• _WHAT THE TASK ASKS_: Skip pictures in the listing below; copy exactly the lines from the one with "Patins Infantil Ajustável" through the one with "Set of 3 Fifth", inclusive.

• _GIVEN ENTRIES_:
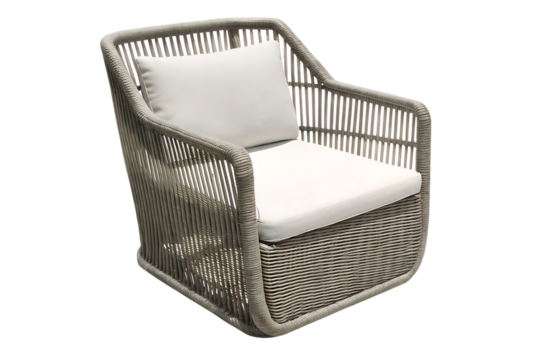 top view of outdoor cord lounge armchair isolated on white background PNG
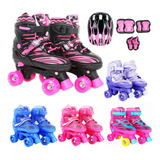 Patins Infantil Ajustável 4 Rodas Roller Proteção Capacete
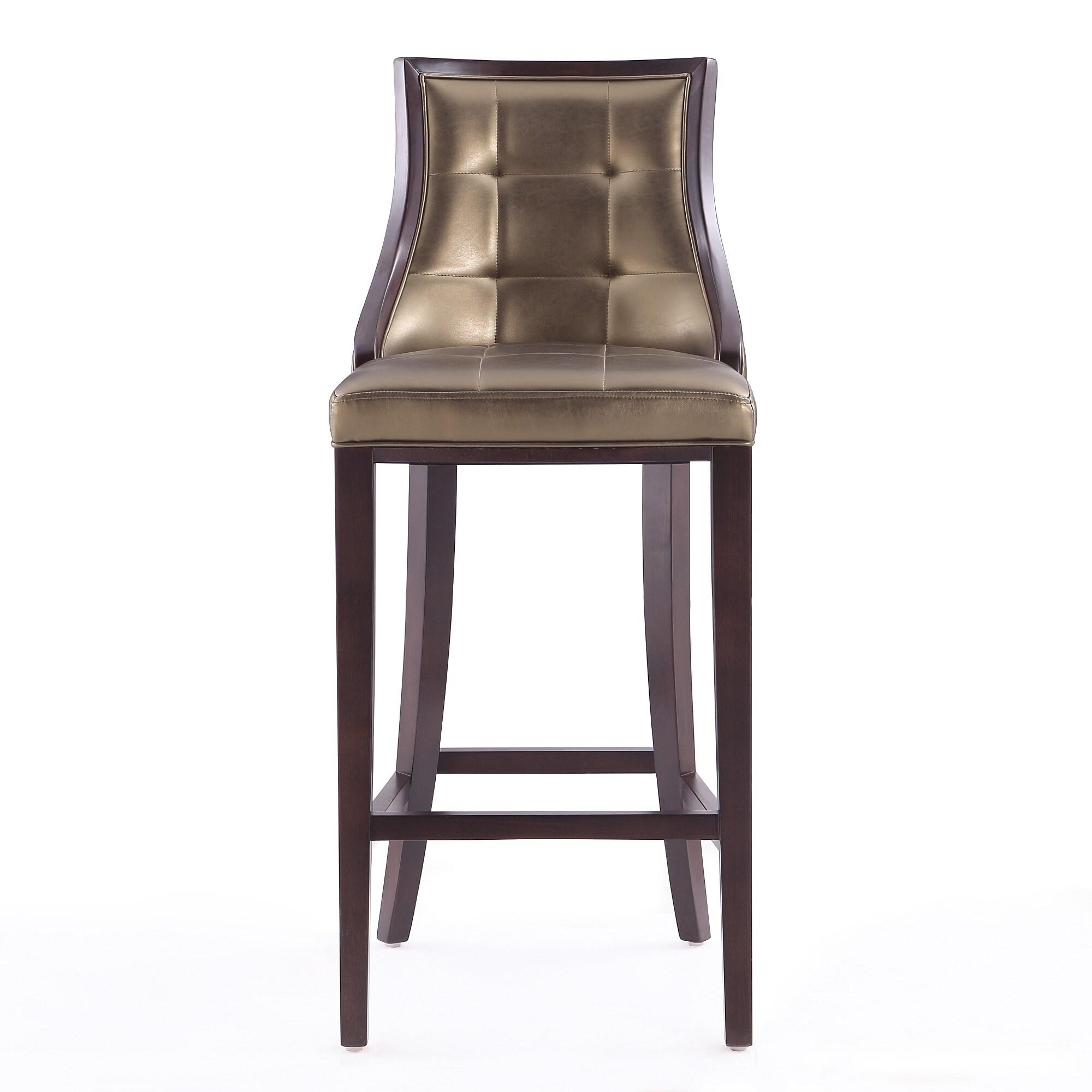 Set of 3 Fifth Avenue Upholstered Beech Wood Faux Leather Barstools Bronze - Manhattan Comfort: Laslo Modern Kitchen Island Seating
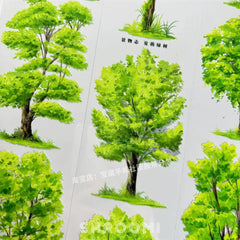 Summer Green Trees PET Tape Summer Green Trees Washi Tape – Decorative Tree Tape for Journaling, Scrapbooking & DIY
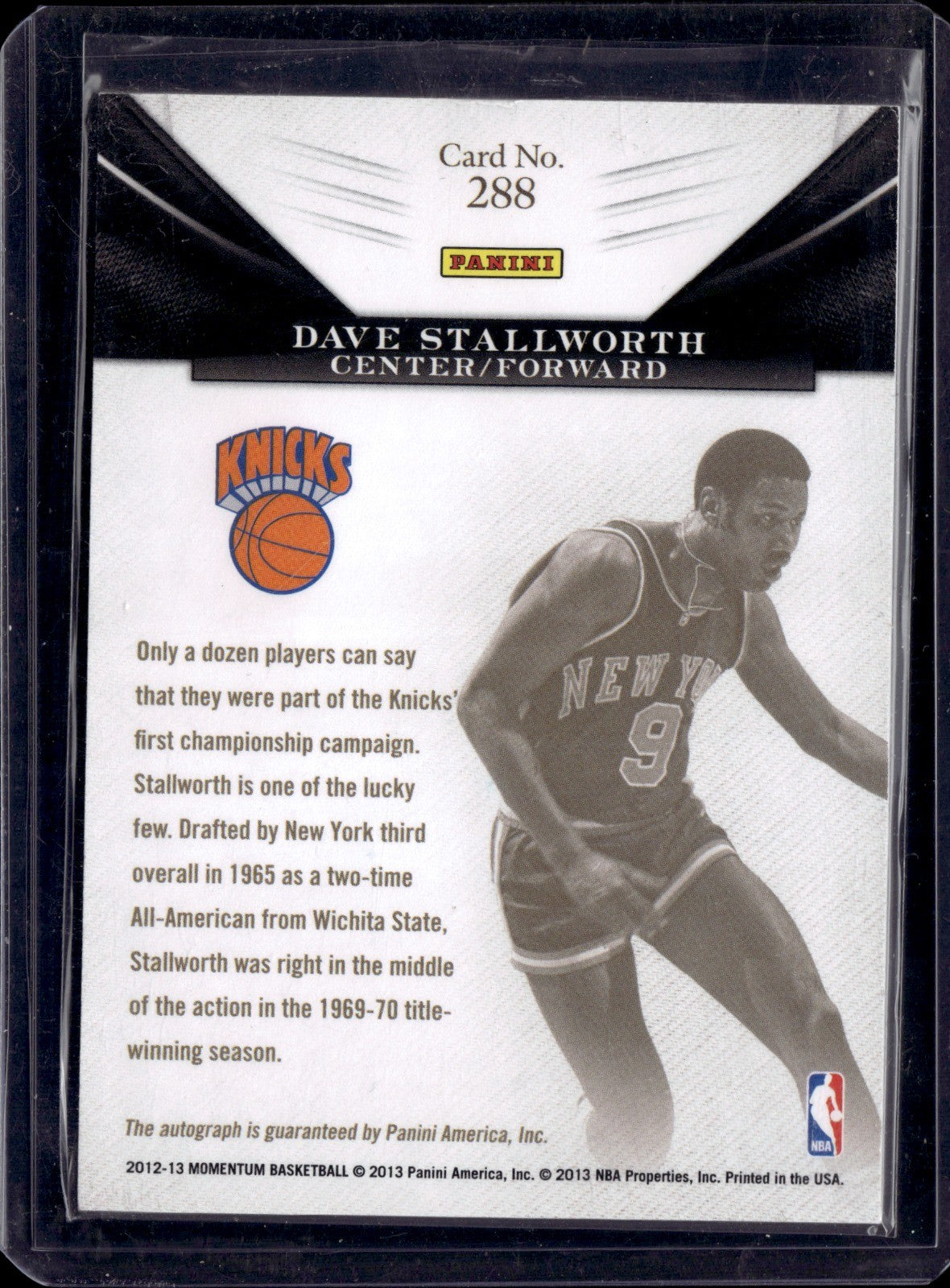 Dave Stallworth Monumental Marks Blue Panini Momentum   288 NM1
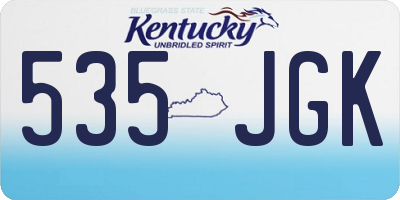 KY license plate 535JGK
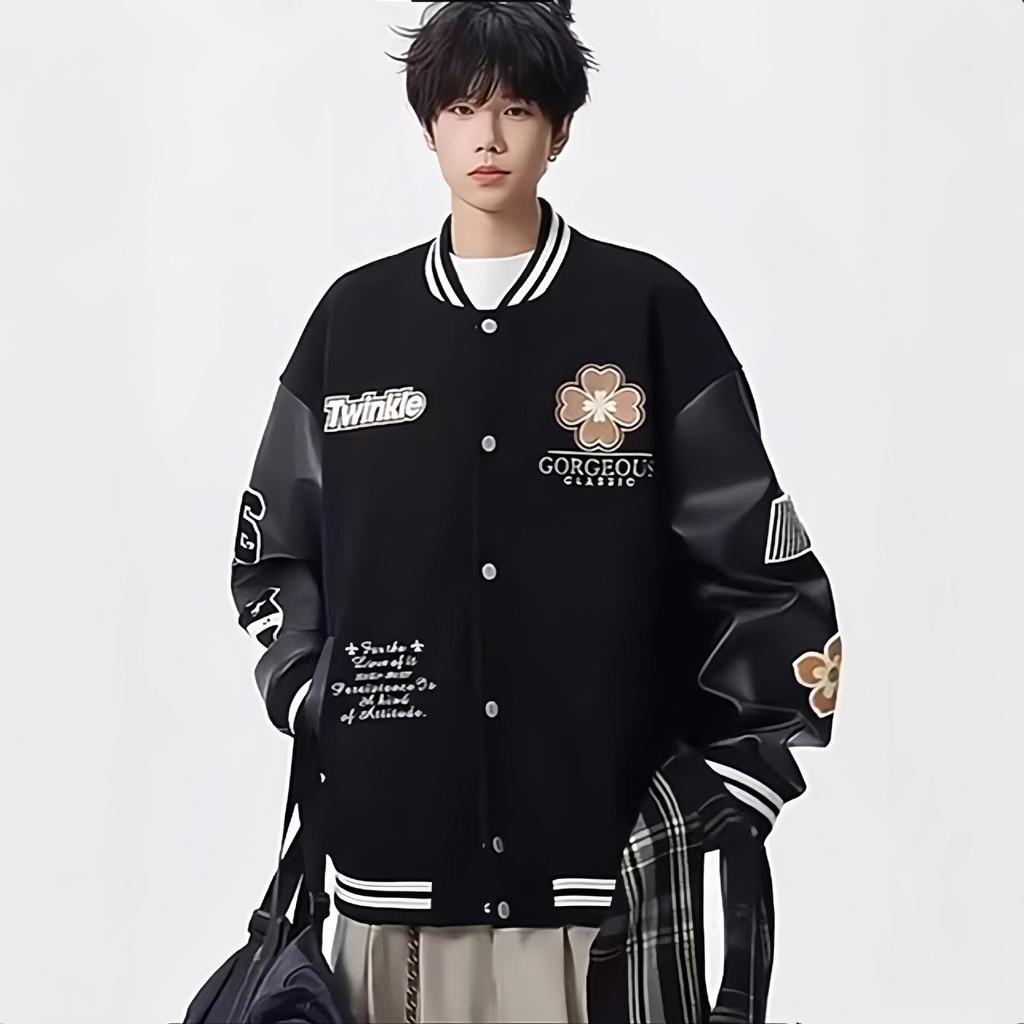 Trendy Men's Heavyweight Embroidered Baseball Jacket: Hip-Hop Street Style, Loose Fit, Wool Blend PU Leather, Perfect for Spring & Autumn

• _SOLUTION TO THIS TASK_:
 Patins Infantil Ajustável 4 Rodas Roller Proteção Capacete
 Set of 3 Fifth Avenue Upholstered Beech Wood Faux Leather Barstools Bronze - Manhattan Comfort: Laslo Modern Kitchen Island Seating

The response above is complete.